I had thought the area south of us, Wialea was the Gold coast of Maui, but hotel rooms at Kapalua START at US$300!

Another area we visited was the Iao Valley State Park and the Iao needle (see picture). This needle rises 2250' above sea level and is the result of thousands of years of water pressure eroding volcanic rock. Hawaiians call the structure Kukaemoky, after the phallus of the sea god Kanaloa. The area is considered sacred as royalty were buried here in the past.

A driving trip with Marlene would not be complete without a shopping stop, and we did this at Whaler's Village, a very trendy area on the way home.

Friday, December 09, 2005

"Keeper of the Koi"

I receieved an opportunity to do a new job this week looking after the fish ponds and waterfalls here at Haggai. Since we are in our final two weeks, the chance to do something different is usually a good opportunity.

There are three fish ponds, five different areas of water and three waterfalls. Because of all the trees and foliage around the water, keeping them presentable is a challenge. Keeping the water levels in sync is also very important. The three fish ponds have a Japanese fish called "Koi". Thus the title "Keeper of the Koi" (these fish are supposedly very expensive - but I understand there is little demand and they are a variety of carp, so the expensive part could be a fish story??

The downside is I have to start work at 6:30am rather than 7:30, and you have to get right in the water to clean some of the debris, algae, and the like. After a couple of hours of this, my hands smell worse than they used to when we kept pigs. But as I tell my colleagues, this new experience will look good on my resume!

We are saying goodbye to partcipants this weekend, so the place is becoming very quiet. Some of the work projects that are now getting started are interesting. Jobs which cannot be completed when we have guests are the order of the day. One is "Spring cleaning" rooms. All furniture is removed, lanai (balcony) carpet is replaced if necessary, air conditioners are reconditioned, broadloom is shampooed, drapes are dry cleaned, and that's all before the ladies and housekeeping move in. Needless to say a room looks quite fresh when the process is completed.

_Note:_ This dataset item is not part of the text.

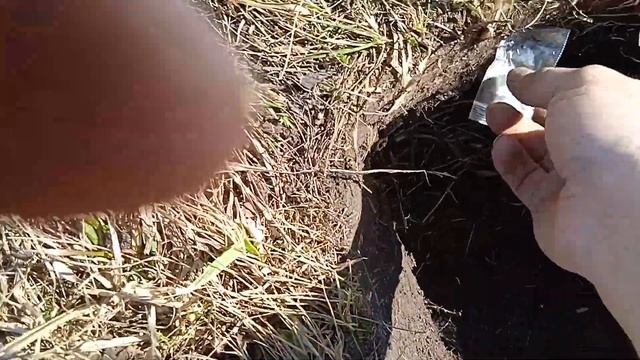 Тест металлоискателя TX-850 в полевых условиях. TX-850 и X-Terra 705. Почему я выбрал "китайца".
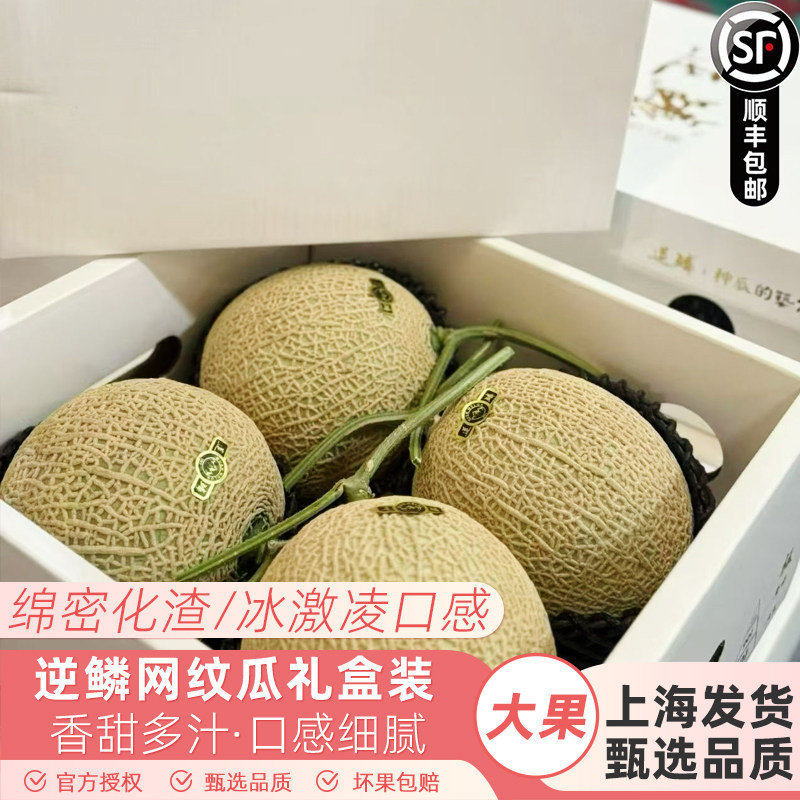 逆鳞网纹瓜新鲜哈密瓜蜜瓜冰淇淋口感一藤一瓜严选好果礼盒装顺丰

Last night was convocation and our last opportunity to experience this event. Marlene and I had a nice chat with a fellow from India, who explaining to us, that because we have four daughters, and because I have a dimple in my chin, our third daughter will look after us in our old age?? Maybe I missed part of his explanation Amy, but you better get prepared anyway!

Tuesday, December 06, 2005

Another International Praise Night

Another evening of listening to the participants praise god through singing and entertaining each other. These evenings are very lighthearted and preceded by a poolside dinner.

The picture with Marlene and me is with a participant from Panama. He is a very excitable chap, but he always has a ready smile. He tells us he can see the Panama canal from his house, and he does a lot of work evangelizing children.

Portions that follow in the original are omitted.